If you want to create your own then sub-class the PreprocessDiagnosticStd class in the module CppDiagnostic.

Sub-classing PreprocessDiagnosticStd allows you to override any of the following that might be called by the PpLexer:

  • def undefined(self, msg, theLoc=None): Reports when an ‘undefined’ event happens.
  • def partialTokenStream(self, msg, theLoc=None): Reports when an partial token stream exists (e.g. an unclosed comment).
  • def implementationDefined(self, msg, theLoc=None): Reports when an ‘implementation defined’ event happens.
  • def error(self, msg, theLoc=None): Reports when an error event happens.
  • def warning(self, msg, theLoc=None): Reports when an warning event happens.
  • def handleUnclosedComment(self, msg, theLoc=None): Reports when an unclosed comment is seen at EOF.
  • def unspecified(self, msg, theLoc=None): Reports when unspecified behaviour is happening, For example order of evaluation of ‘#’ and ‘##’.
  • def debug(self, msg, theLoc=None): Reports a debug message.

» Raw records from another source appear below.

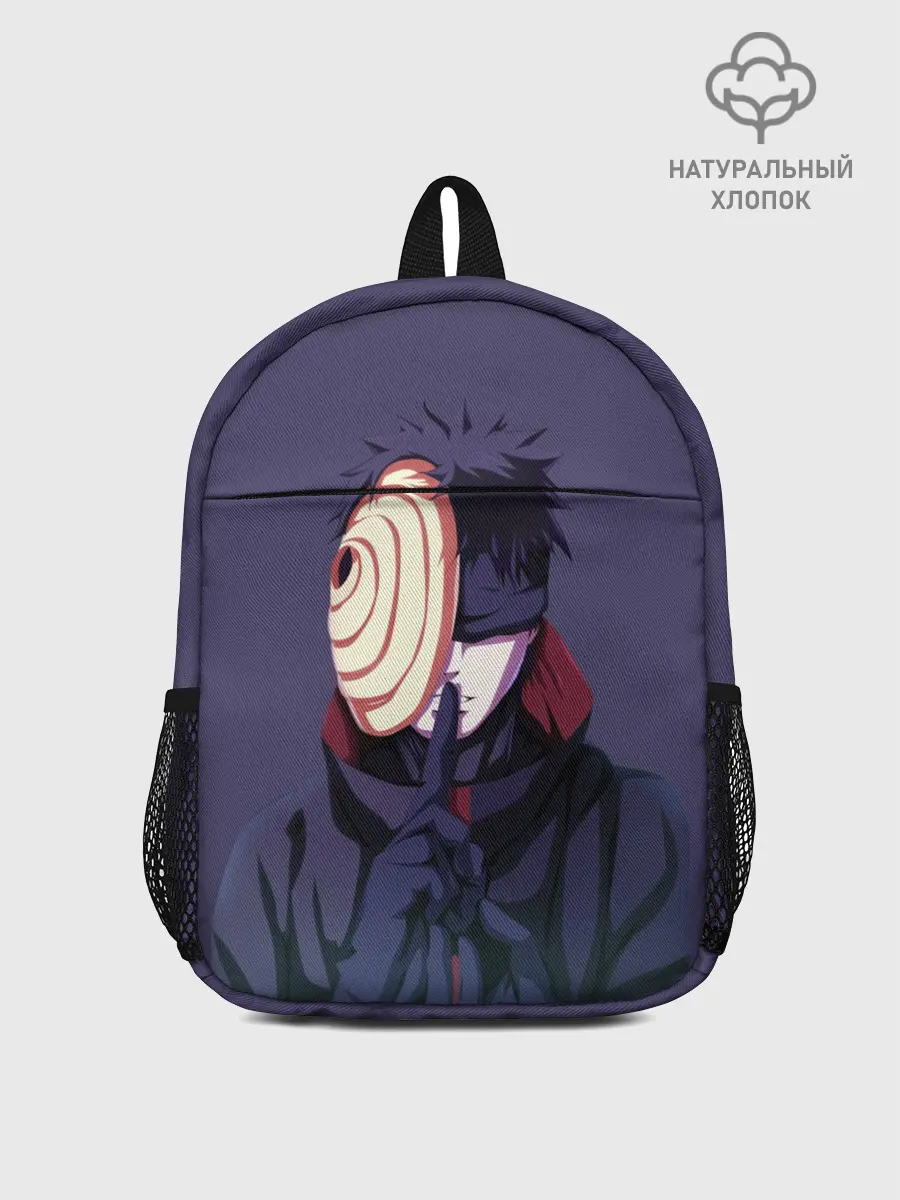 Рюкзак детский / Обито Учиха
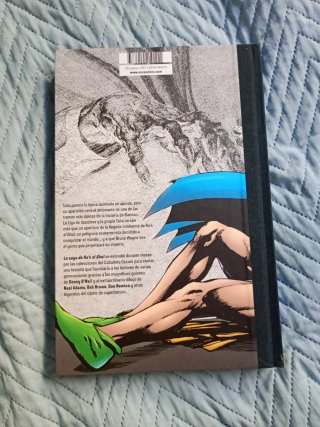 Batman: La saga de Ra's al Ghul - Edición Delux...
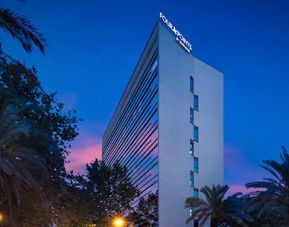 Hotel Four Points by Sheraton Barcelona Diagonal, Barcelona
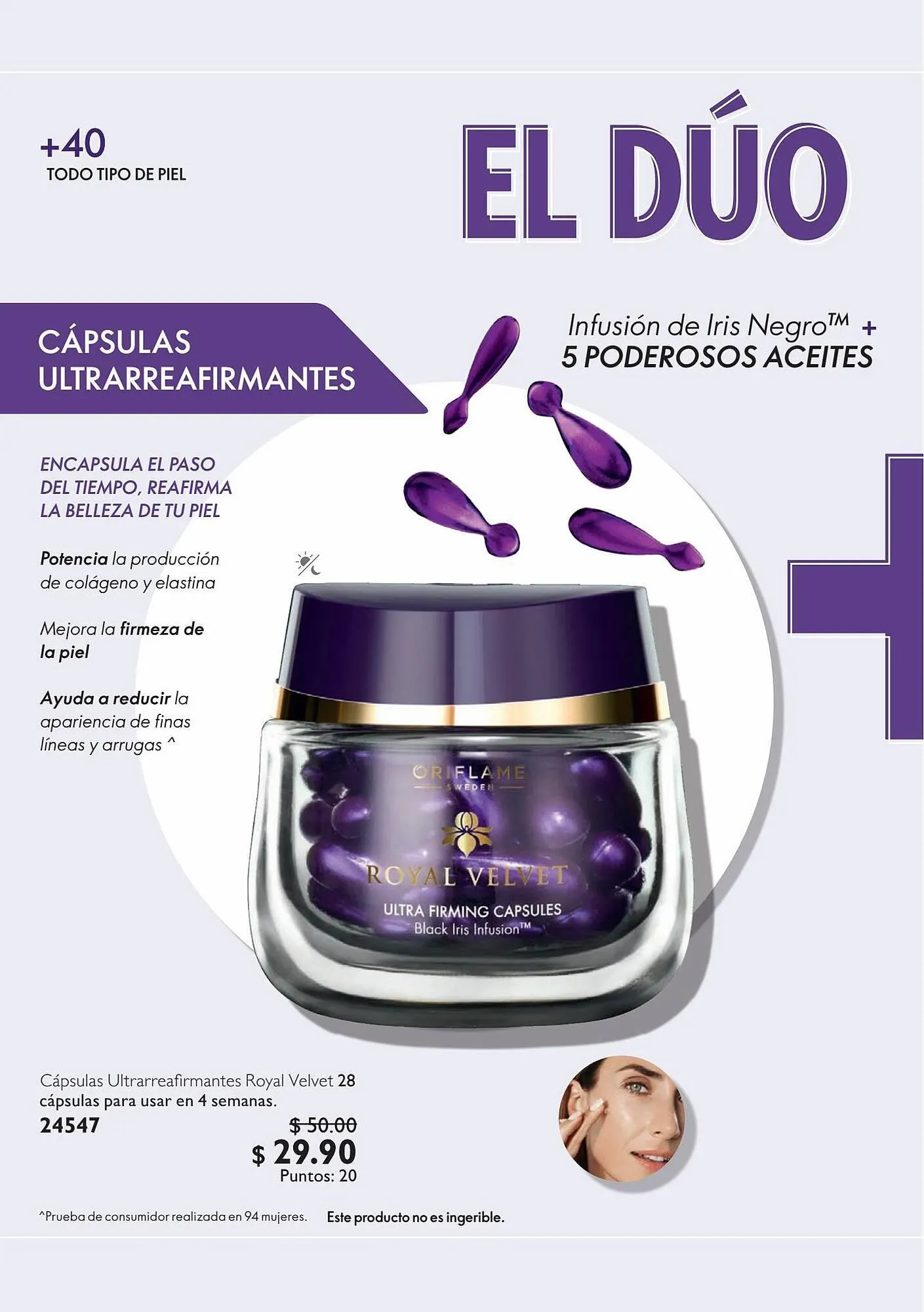 Catalogo de Catálogo Oriflame 7 de agosto al 25 de agosto 2023 - Pag 76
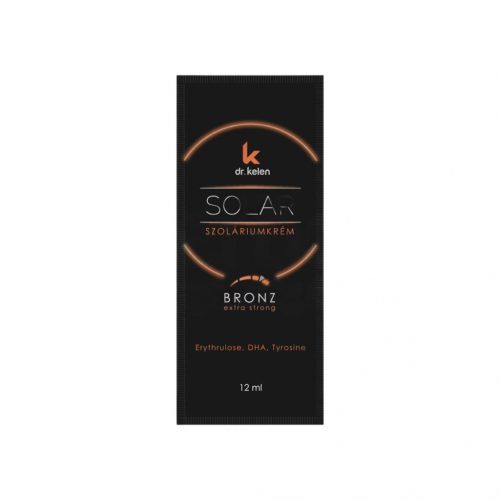 Dr.kelen sunsolar bronz krém 12 ml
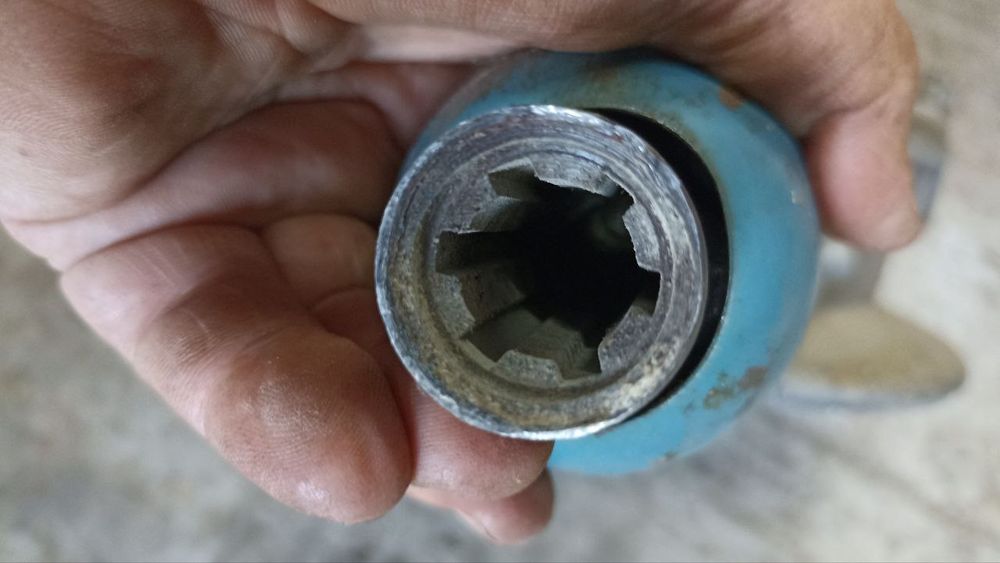 Задний мост мт 10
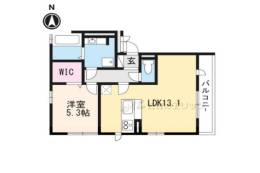 オリオン（Ａ棟）間取り図面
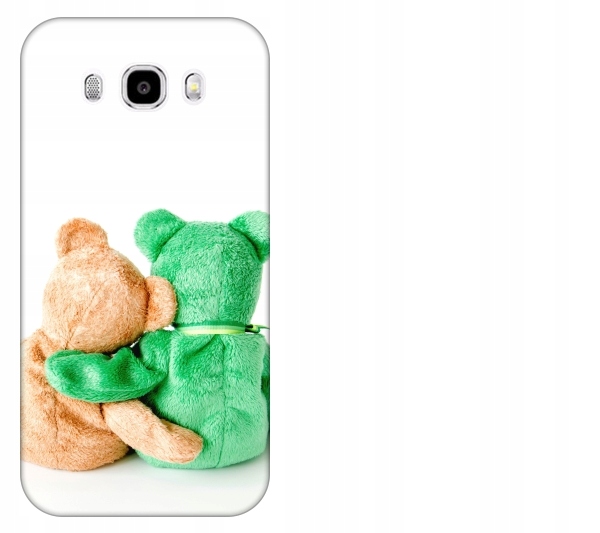 

Etui pokrowiec Samsung Galaxy J5 2016 Zakochane mi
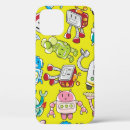 Search for cute robot iphone cases Space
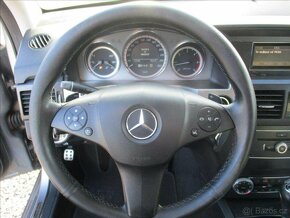 GLK 220 CDI BlueEfficiency 4Matic 2011 bez koroze - 13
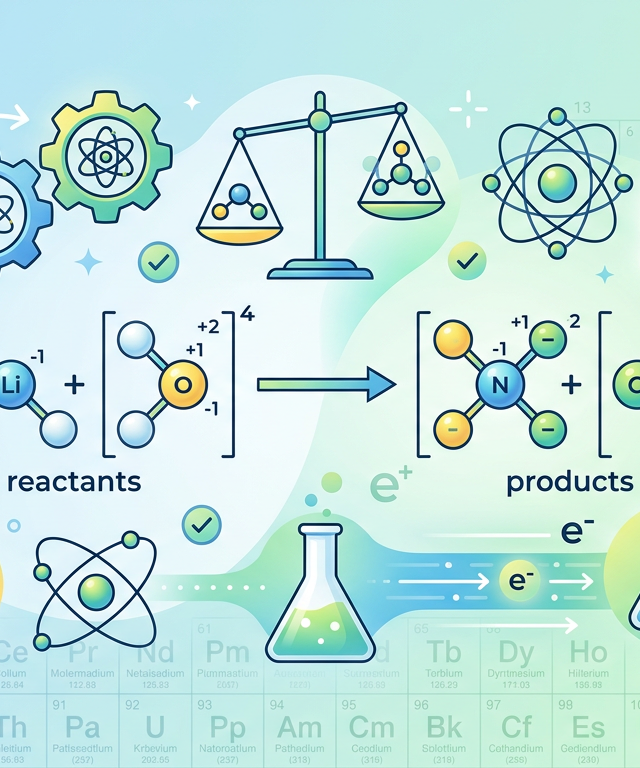 Balancing Redox Practice Questions with Answers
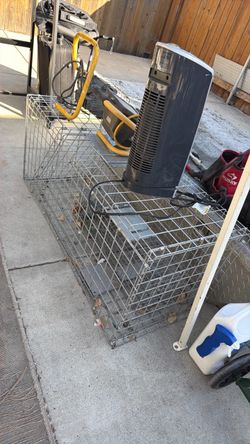 2 cage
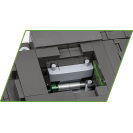 COBI 2597 Nemecký Panzerkampfwagen II Ausf. F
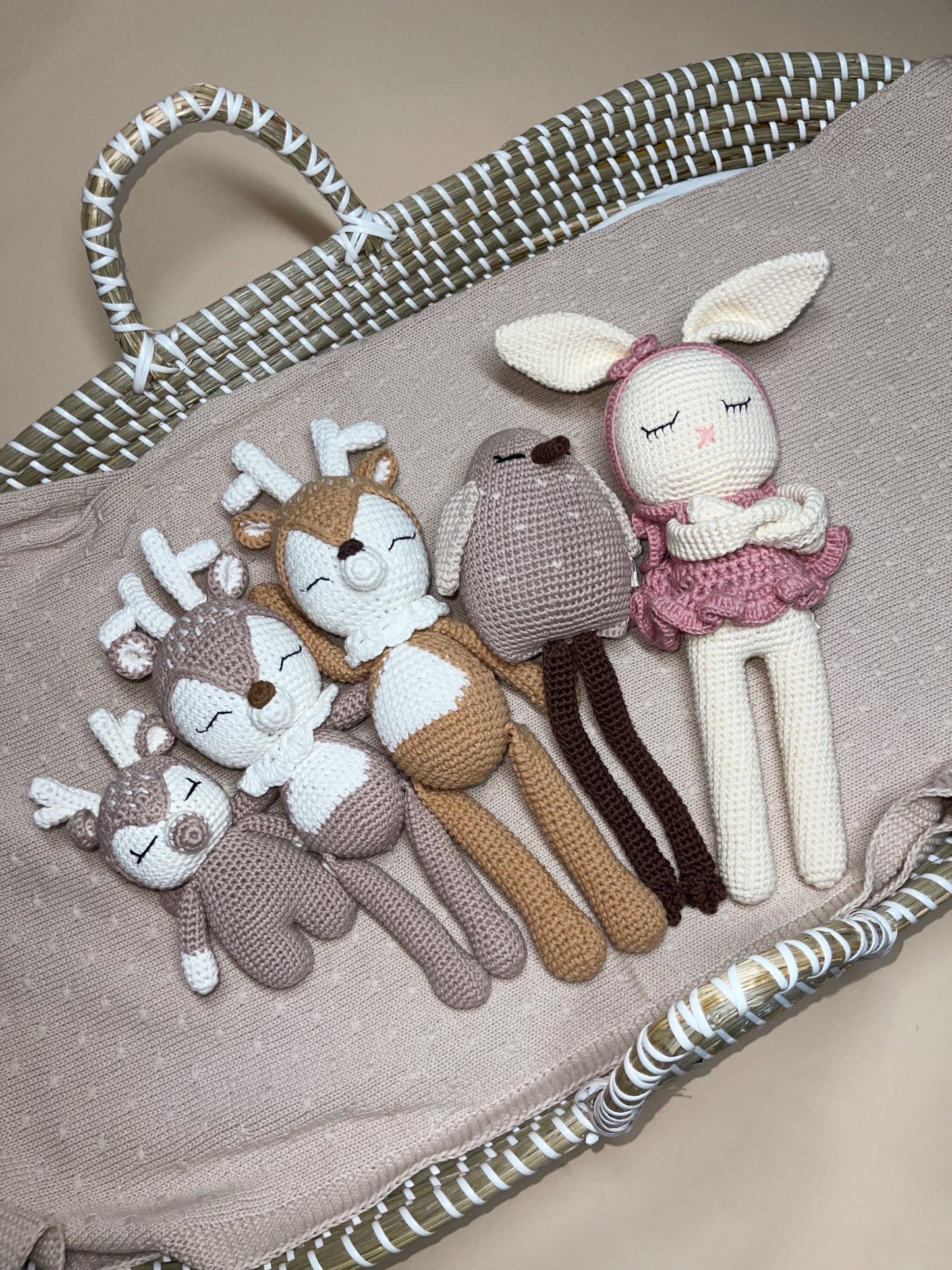Crochet Toys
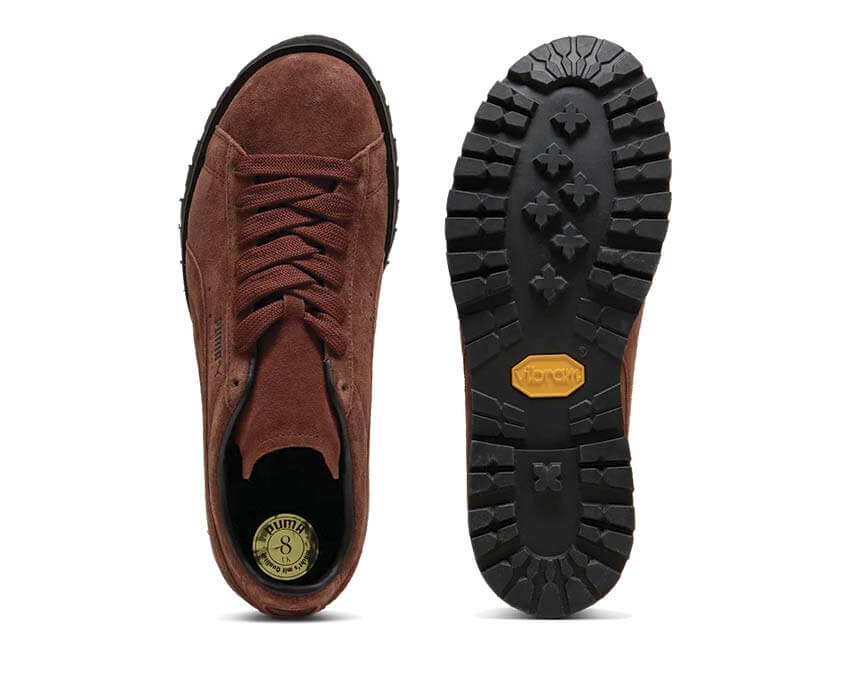 Puma Suede Vibram 406920 01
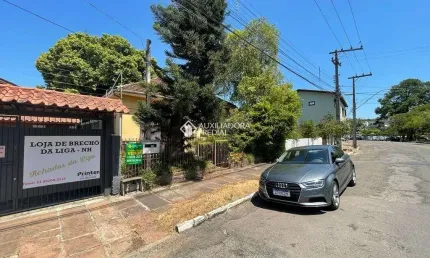 Terreno à venda na Rua Boa Saúde, 136, Rio Branco, Novo Hamburgo, 138 m2 por R$ 360.000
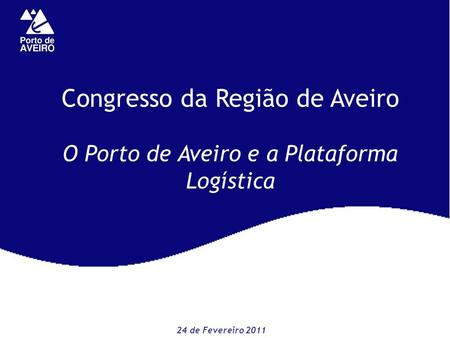 Congresso da Região de Aveiro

There are a couple of implementations in the CppDiagnostic module that may be of interest:

  • PreprocessDiagnosticKeepGoing: Sub-class that does not raise exceptions.
  • PreprocessDiagnosticRaiseOnError: Sub-class that raises an exception on a #’error directive.

Pragma

You can pass in a specialised handler for #pragma statements [default: None]. This shall sub-class PragmaHandlerABC and can implement:

  • The boolean attribute replaceTokens is to be implemented. If True then the tokens following the #pragma statement will be be macro replaced by the PpLexer using the current macro environment before being passed to this pragma handler.
  • A method def pragma(self, theTokS): that takes a non-zero length list of PpTokens the last of which will be a newline token. Any token this method returns will be yielded as part of the Translation Unit (and thus subject to macro replacement for example).

Have a look at the core module PragmaHandler for some example implementations.